Wednesday 25 January 2023

Better work stories - Publish or Perish

 I studied for a diploma of Editing and Proofreading, but the course became out of date almost as soon as I completed it, so learning all the signs of proofreading seemed redundant and only good for anyone who couldn't turn their automatic grammar and spellcheck on their Word document computer.
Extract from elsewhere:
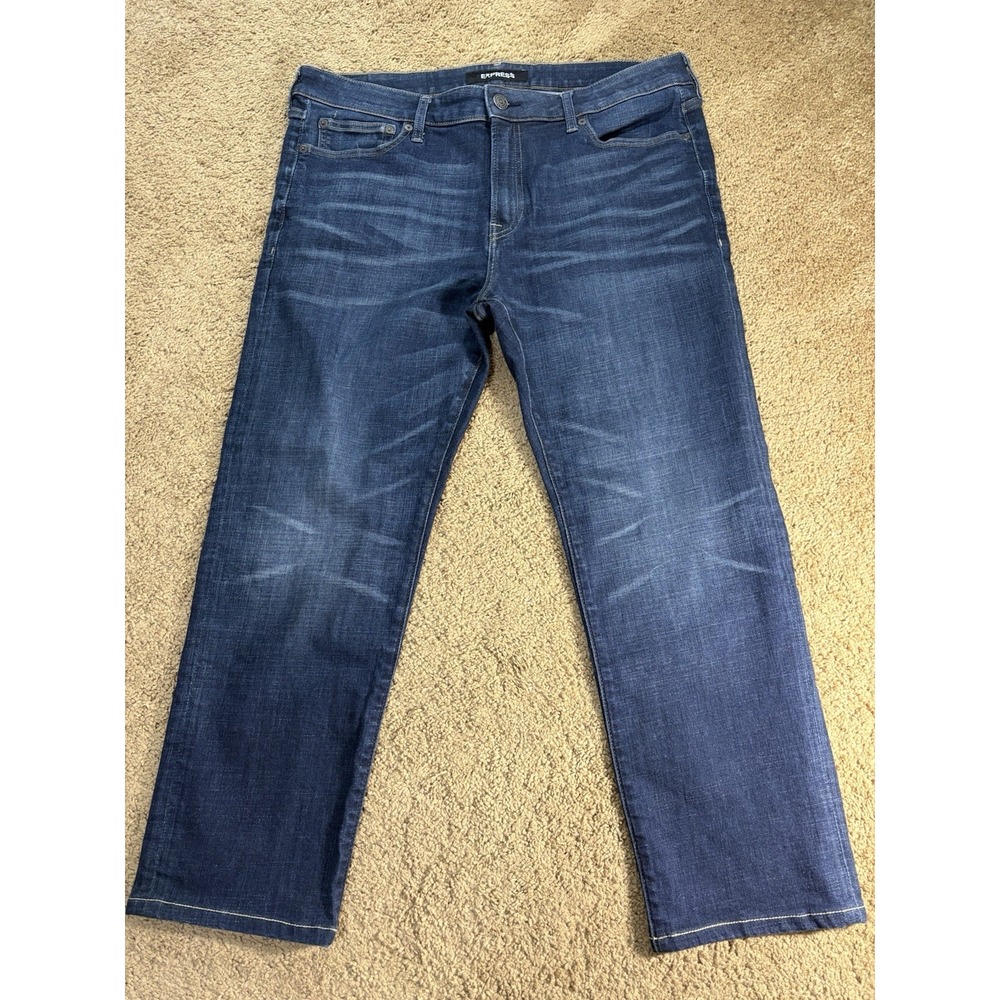 Express Jeans Men 36x30 Slim Straight Stretch Mid Rise Dark Blue Denim Preppy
However I did manage to proofread and edit a few university assignments (paid for by the poor student!) and nearly an entire novel about the French Revolution. I can't say if it's been published, because I would have heard if it was - but it gave me a few nightmares because, well people got their heads chopped off and I didn't like the whole demi-monde world that much. Also the protagonist was a 'French girl' and you know all the cliches about French girls - they are easy, they are like Brigit Bardot, they get by on pure sex appeal. And it was written from the male point of view which made it even more 'Memoirs of a Geisha' like. Ugh. Or maybe '50 Shades of Grey.' 

Though it didn't really matter what *I* thought of the content - I was just there to check the spelling, grammar, and run on sentences. Which there were a lot of, and I would cut and cut until the paragraphs made sense and weren't repeating what had already been told in the previous paragraph. It was like the author had forgotten what he was writing about and rehashed the plot over and over again. 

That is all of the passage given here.